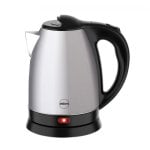 Hervidor Eldom CS25 Humi 1,7 L 1800W Plata Sin Cables Protección Sobrecalentamiento Hervidor Eldom CS25 Humi 1,7 L 1800W Plata Sin Cables Protección Sobrecalentamiento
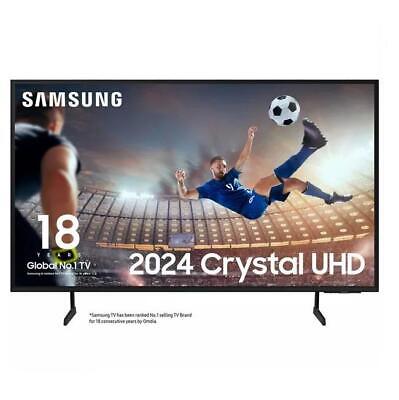 SAMSUNG DU7100 50 inch Smart 4K Ultra HD HDR LED TV - REFURB-A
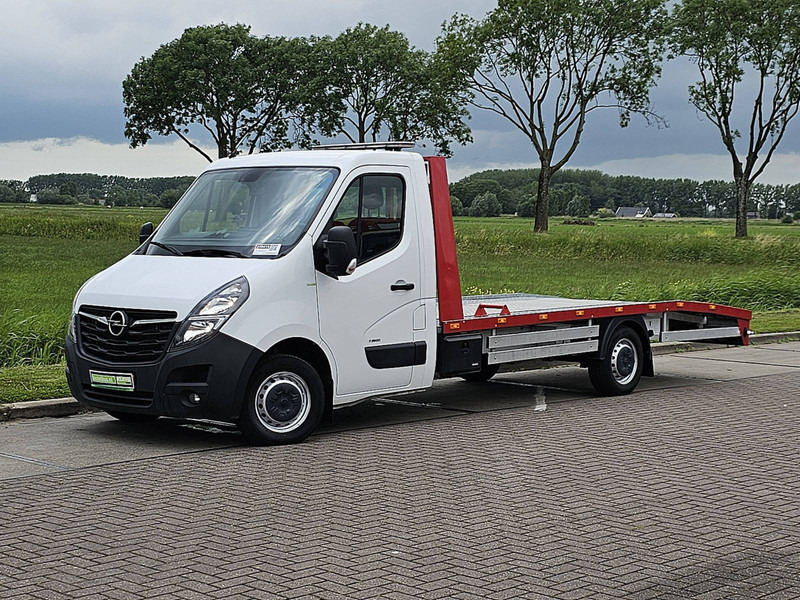 Opel Movano 2.3 Oprijwagen+ Lier! - Dostavno vozilo: slika 2 Opel Movano 2.3 Oprijwagen+ Lier! - Dostavno vozilo: slika 2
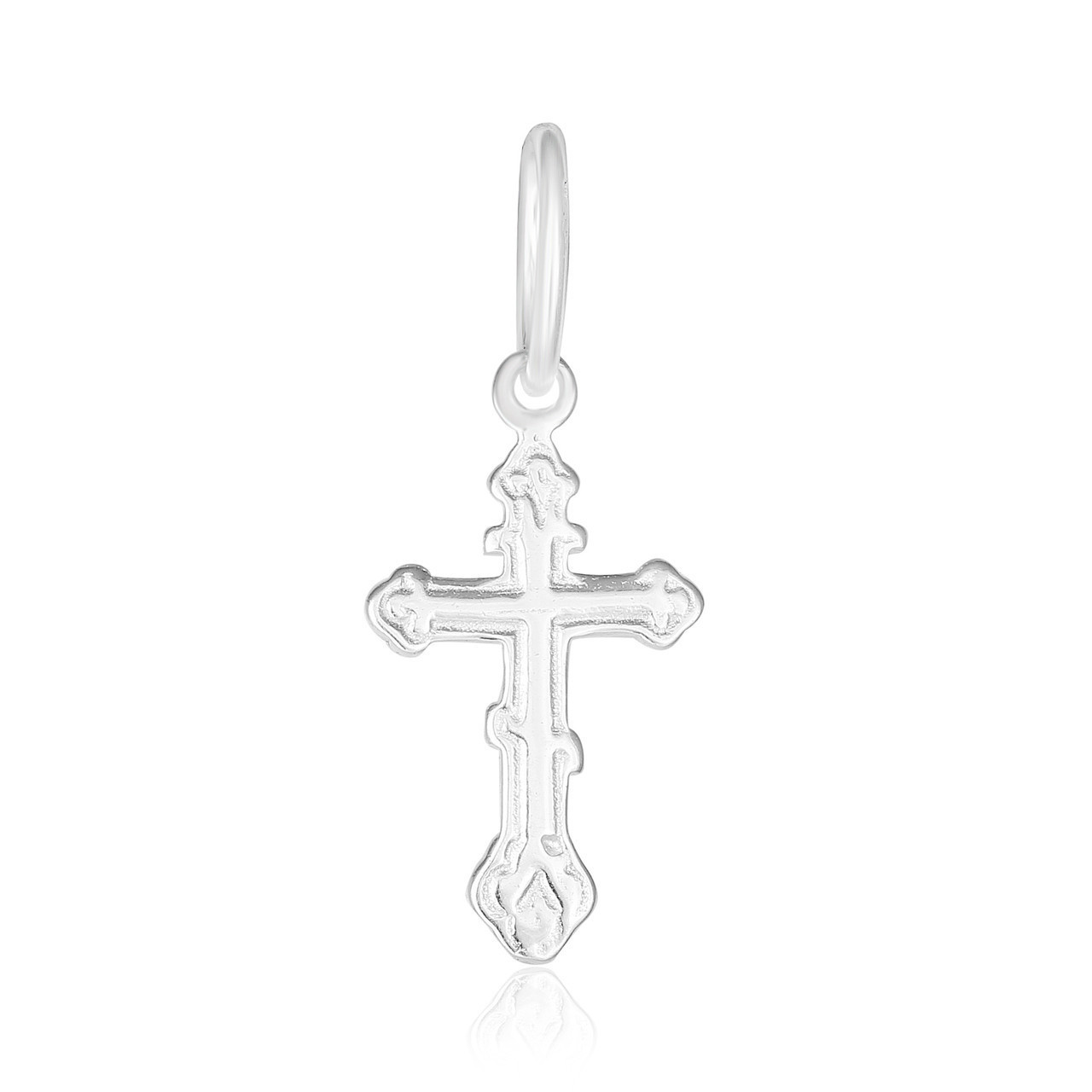 

Серебряная подвеска Silvex925 - "Крест" П1/166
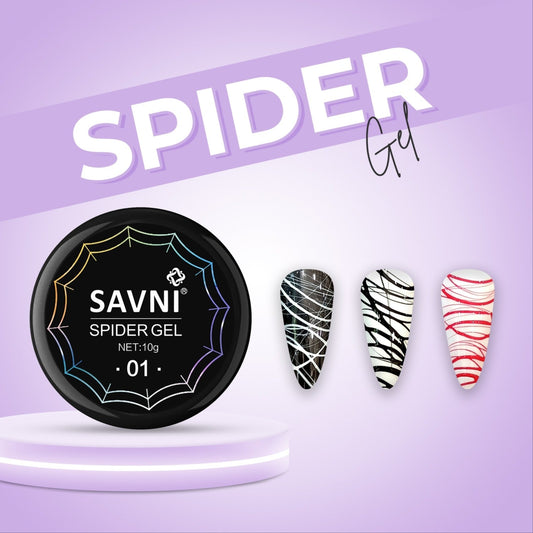 Savni Spider Gel Product vendor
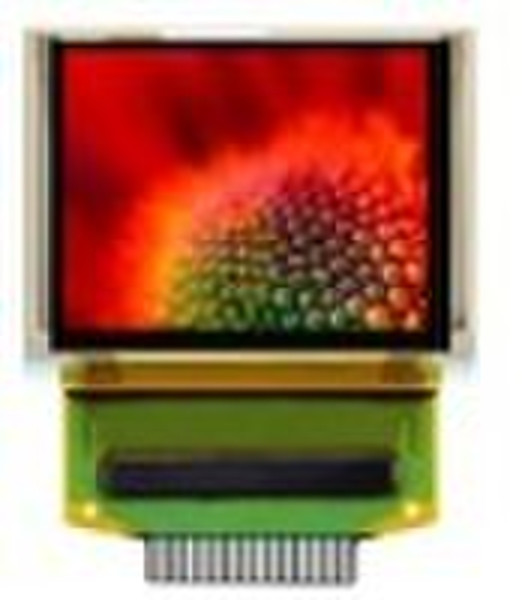 1.29'' Full Color OLED display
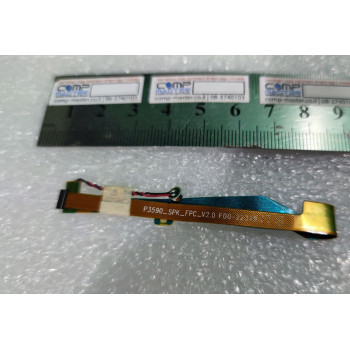 מיקרופון כולל כבל FPC לטאבלט 5F78C08347 67109070 Lenovo TAB 4 Plus TB-8704F מקורי - חדש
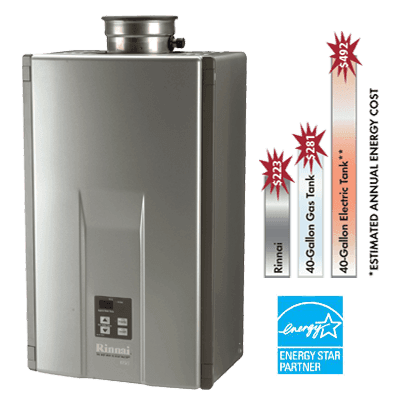 sartasota tankless water heater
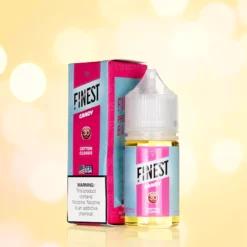 Finest Salt Nic - Candy Edition - Cotton Clouds - 30mL 30mg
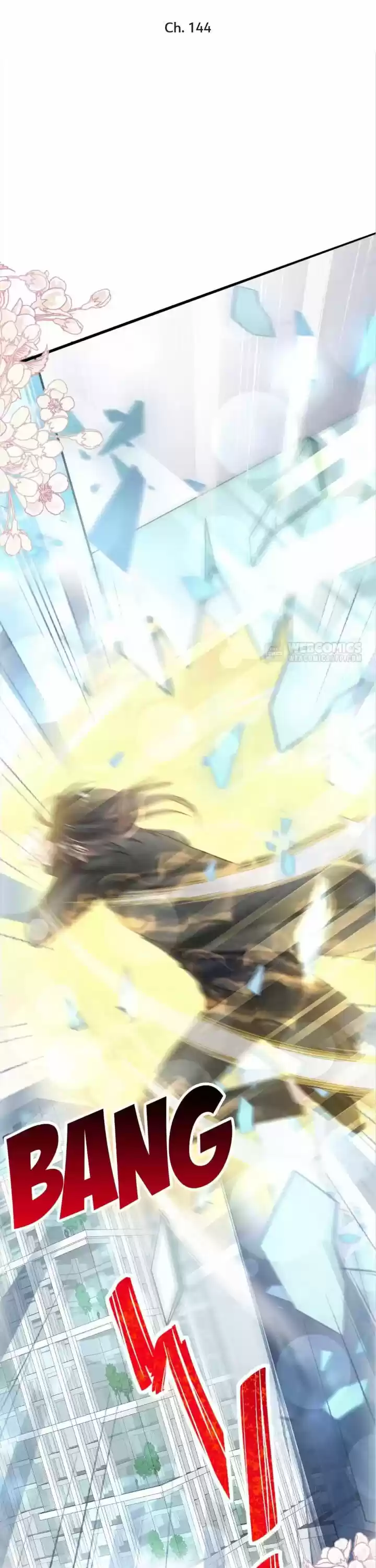 Second-To-None Adoration Chapter 144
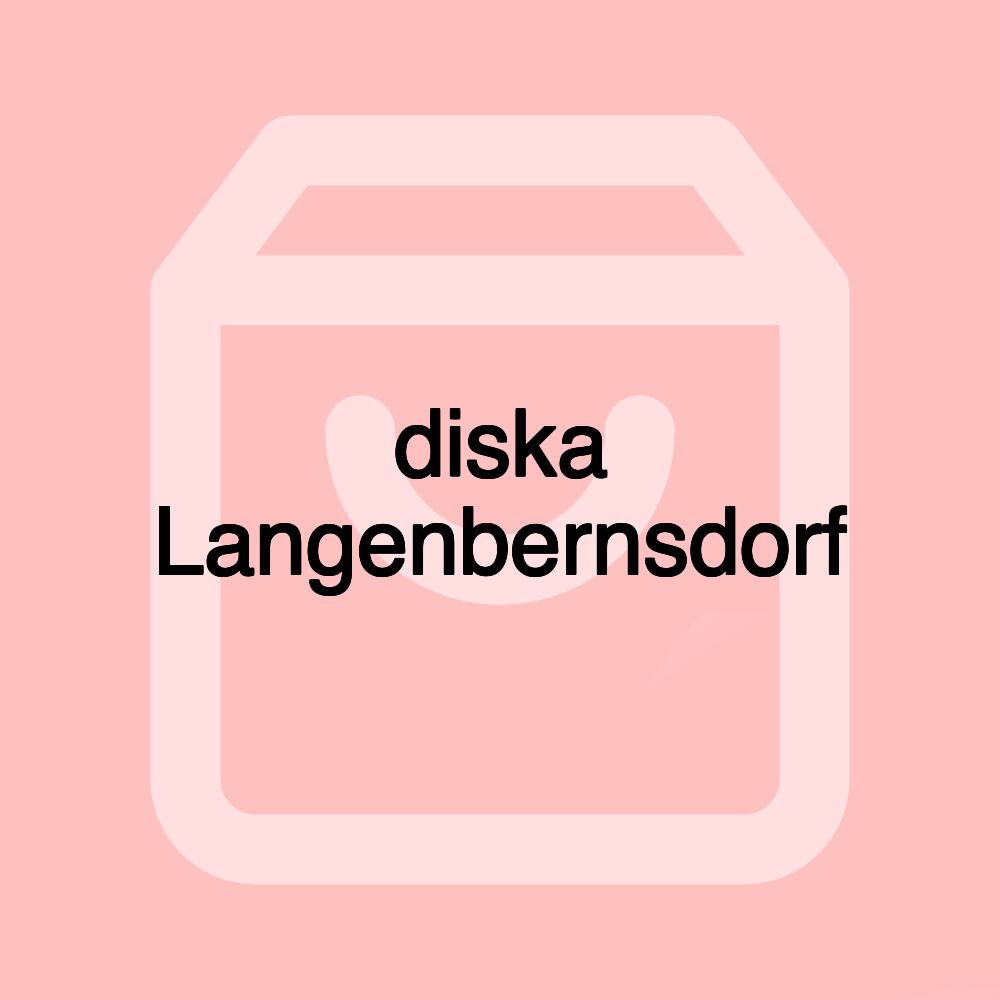 diska Langenbernsdorf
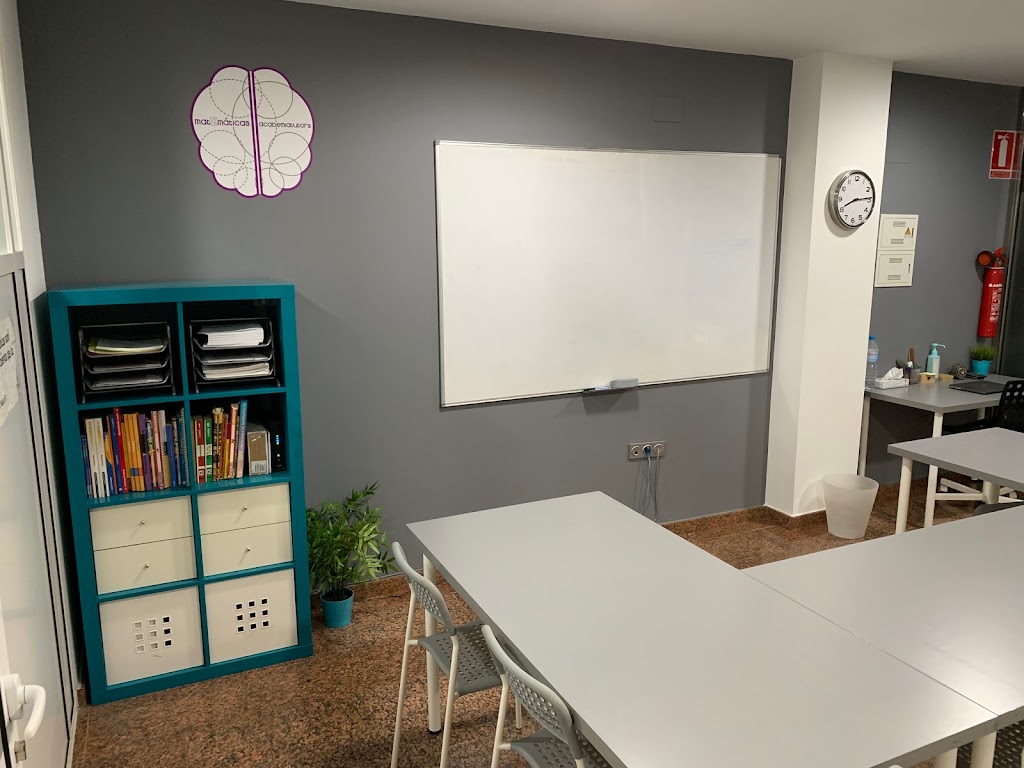 ACADEMIA DE MATEMATICAS TUTORS — Edificio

┄┄┄┄┄┄┄┄┄┄┄┄┄┄┄┄┄┄┄┄

▸ WORK REQUIRED
Your answer must be an exact copy of the records, with no pictures in it.

▸ TASK RESPONSE
 Hervidor Eldom CS25 Humi 1,7 L 1800W Plata Sin Cables Protección Sobrecalentamiento Hervidor Eldom CS25 Humi 1,7 L 1800W Plata Sin Cables Protección Sobrecalentamiento
 SAMSUNG DU7100 50 inch Smart 4K Ultra HD HDR LED TV - REFURB-A
 Opel Movano 2.3 Oprijwagen+ Lier! - Dostavno vozilo: slika 2 Opel Movano 2.3 Oprijwagen+ Lier! - Dostavno vozilo: slika 2

Серебряная подвеска Silvex925 - "Крест" П1/166
 Savni Spider Gel Product vendor
 1.29'' Full Color OLED display
 מיקרופון כולל כבל FPC לטאבלט 5F78C08347 67109070 Lenovo TAB 4 Plus TB-8704F מקורי - חדש
 sartasota tankless water heater
 Finest Salt Nic - Candy Edition - Cotton Clouds - 30mL 30mg
 Second-To-None Adoration Chapter 144
 diska Langenbernsdorf
 ACADEMIA DE MATEMATICAS TUTORS — Edificio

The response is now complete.